Consumers filed a lawsuit on Thursday alleging that certain popular wines contain high levels of arsenic - up to five times the legal limit for drinking water. Kevin Hicks, the CEO of alcoholic beverage testing company BeverageGrades, told CBS that BeverageGrades' independent lab tests show levels of arsenic above the EPA accepted drinking water threshold of 10 parts per billion in about one out of five of the 1,300 wines it tested. 

But does this mean wines like Trader Joe's White Zinfandel or Franzia White Grenache are poisonous? 

Gladys Horiuchi of the Wine Institute says there's no need for alarm. She says though the wine with the highest level of arsenic came in at 50 parts per billion, that's still less than the arsenic limits for wine set by the EU and Canada.

"The U.S. does not have an established limit for arsenic - it hasn’t been significant - so the only established limit they have is in drinking water," said Horiuchi. "The E.U. and Canada have established limits and it is 100 parts per billion for arsenic.
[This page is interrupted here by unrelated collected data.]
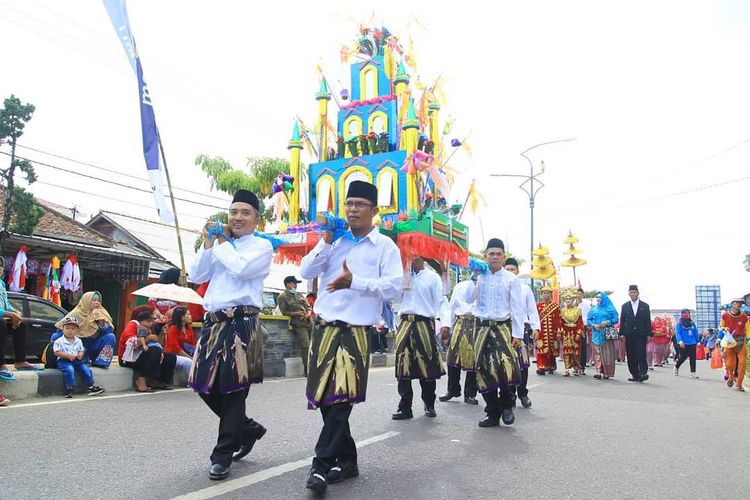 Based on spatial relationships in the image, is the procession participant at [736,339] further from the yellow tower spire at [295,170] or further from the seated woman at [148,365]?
the seated woman at [148,365]

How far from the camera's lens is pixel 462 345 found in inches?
293

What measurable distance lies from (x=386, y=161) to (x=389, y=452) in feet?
31.1

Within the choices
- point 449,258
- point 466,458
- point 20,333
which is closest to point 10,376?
point 20,333

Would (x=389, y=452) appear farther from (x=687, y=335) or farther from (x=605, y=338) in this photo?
(x=687, y=335)

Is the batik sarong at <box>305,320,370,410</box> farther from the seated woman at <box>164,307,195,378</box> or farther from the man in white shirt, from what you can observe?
the seated woman at <box>164,307,195,378</box>

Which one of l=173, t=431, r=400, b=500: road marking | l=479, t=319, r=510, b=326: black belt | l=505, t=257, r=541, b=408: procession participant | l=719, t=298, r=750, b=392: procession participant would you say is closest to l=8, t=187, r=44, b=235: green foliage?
l=505, t=257, r=541, b=408: procession participant

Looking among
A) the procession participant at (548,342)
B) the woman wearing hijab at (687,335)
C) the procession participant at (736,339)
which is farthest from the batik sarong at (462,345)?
the woman wearing hijab at (687,335)

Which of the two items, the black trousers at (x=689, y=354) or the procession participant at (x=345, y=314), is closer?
the procession participant at (x=345, y=314)

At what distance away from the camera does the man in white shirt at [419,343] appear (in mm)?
6254

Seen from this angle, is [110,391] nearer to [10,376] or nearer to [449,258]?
[10,376]

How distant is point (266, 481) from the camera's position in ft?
11.4

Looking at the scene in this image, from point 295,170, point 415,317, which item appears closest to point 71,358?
point 415,317

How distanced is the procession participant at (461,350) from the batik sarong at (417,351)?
84 cm

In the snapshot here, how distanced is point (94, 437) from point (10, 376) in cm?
236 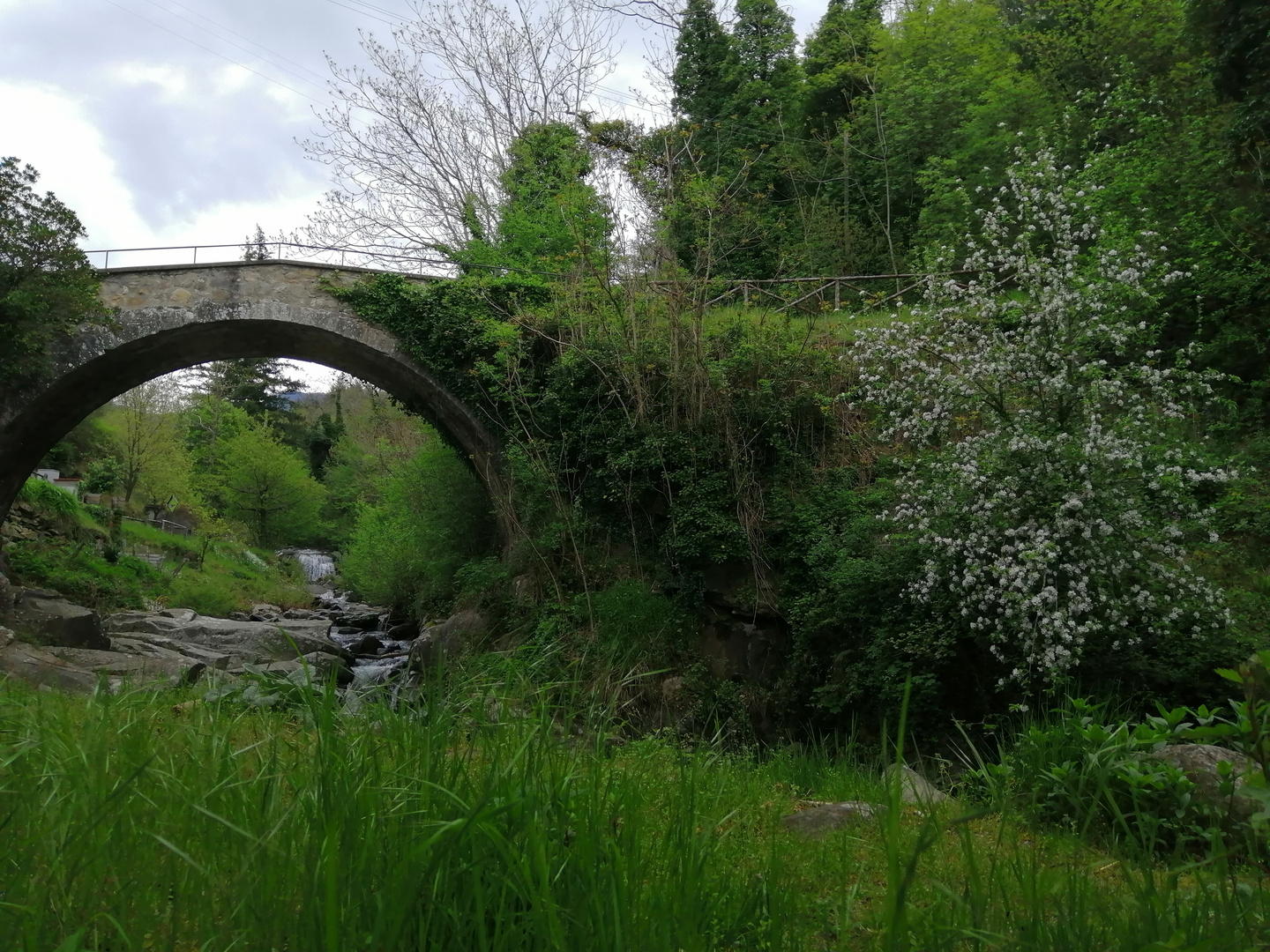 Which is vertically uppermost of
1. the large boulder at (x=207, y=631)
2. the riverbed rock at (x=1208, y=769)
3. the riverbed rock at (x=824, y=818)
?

Most of the people named in the litigation export and obviously meet the international standard limits." 

She added that the reason there is an established limit for drinking water is because people consume much more water than they do wine or any other food and beverage products. She called BeverageGrades' statements misleading and irresponsible. 

The Wine Institute released a statement that said, "Although we are not privy to the contents of the litigation, we believe this allegation is false and misleading and that all wines being sold in the U.S marketplace are safe ... There is no research that shows that the amounts found in wine pose a health risk to consumers."